Im not bought with this design. Theres a few things that stand out to me.
But firstly, contrary to what lightbringer said, it appears you are in fact using C++ not C, the syntax is wrong for C but correct C++ and your placement of the asterix for pointers is common pactice for C++ programmers and not so common in C.
Scene-graphs are especially well suited to object-oriented languages like C++ and making better use of the language can make an elegant scene-graph design.
What you have really got there is a generic tree rather than a 'scene-graph', I dont see what your design can
actually do [grin], but I assume you just havn't built any functionality in yet?
Ok,
As has been said your terminology is incorrect, leaf-nodes dont usually have children, this is the job of group-nodes. If you wanted to go down this road and distinguish between leaf and group nodes then read up on the composite pattern (and I think its definately worth a look, especially if you're using C++), this is actually what many scene-graph designs follow. But remember every design has pros and cons, lightbringer gave a valid argument against the composite pattern, allowing all nodes to have children can have benefits.
However, as for the design you have currently, I think there are improvements to be made...
Your use of pointers to BRANCH_NODEs seem a bit odd, are you planning on dynamically allocating them?

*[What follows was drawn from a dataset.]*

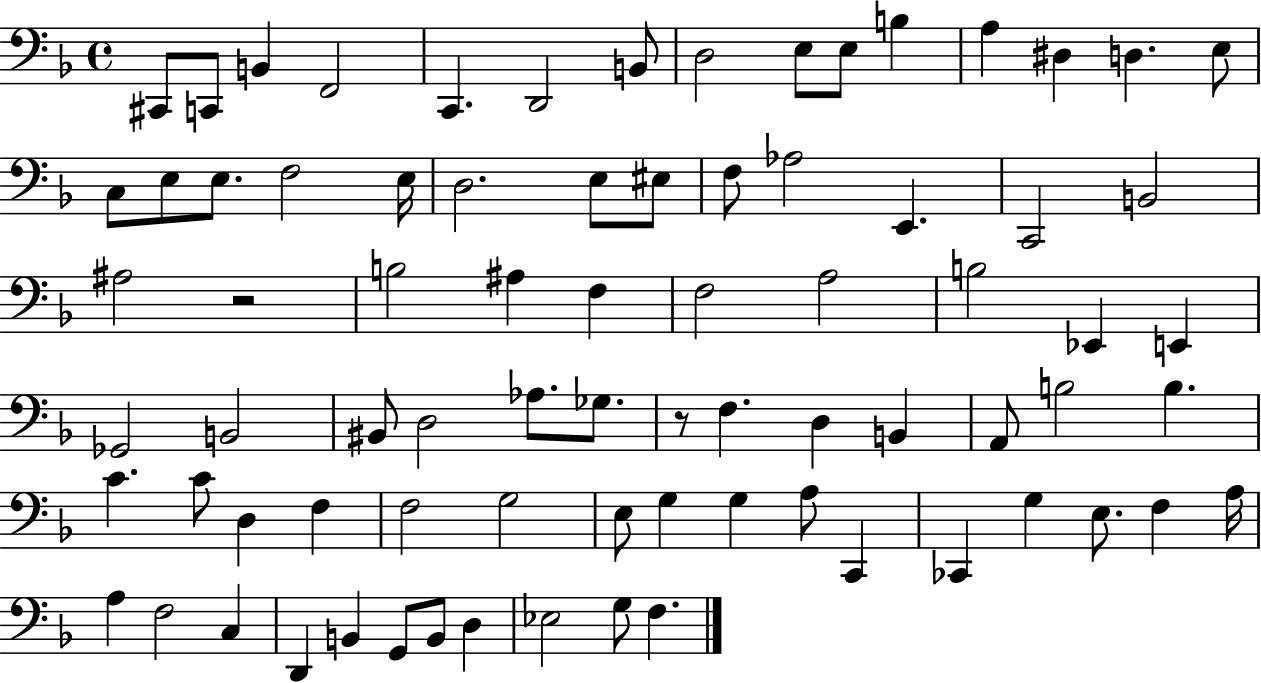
C#2/e C2/e B2/q F2/h C2/q. D2/h B2/e D3/h E3/e E3/e B3/q A3/q D#3/q D3/q. E3/e C3/e E3/e E3/e. F3/h E3/s D3/h. E3/e EIS3/e F3/e Ab3/h E2/q. C2/h B2/h A#3/h R/h B3/h A#3/q F3/q F3/h A3/h B3/h Eb2/q E2/q Gb2/h B2/h BIS2/e D3/h Ab3/e. Gb3/e. R/e F3/q. D3/q B2/q A2/e B3/h B3/q. C4/q. C4/e D3/q F3/q F3/h G3/h E3/e G3/q G3/q A3/e C2/q CES2/q G3/q E3/e. F3/q A3/s A3/q F3/h C3/q D2/q B2/q G2/e B2/e D3/q Eb3/h G3/e F3/q.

Can you justify dynamically allocating them separately to LEAF_NODEs rather than just having a leaf-node hold a regular instance to one? I.e.
BRANCH_NODE _branch;
BRANCH_NODE _child;
If you gave each LEAF_NODE an instance like this then you might decide to conceptualise the design like this:
struct LEAF_NODE{ // These were expanded out of BRANCH_NODE _branch; LEAF_NODE* _branch_parent; LEAF_NODE* _branch_leaf; // These were expanded out of BRANCH_NODE _child; LEAF_NODE* _child_parent; lEAF_NODE* _child_leaf LEAF_NODE* _prev; LEAF_NODE* _next; T _data;};
Now then based on this, you might want to consider whether a node really needs to store a pointer to its childs parent? Surely this pointer just points to itself? So we can remove _child_parent;
Similarly, as a node why would we want a pointer to our parents child? Either this pointer will point to ourself or to one of our siblings (which we can access through _next and _prev or through _branch_parent->_child_leaf), so lets also rid outselves of _branch_leaf.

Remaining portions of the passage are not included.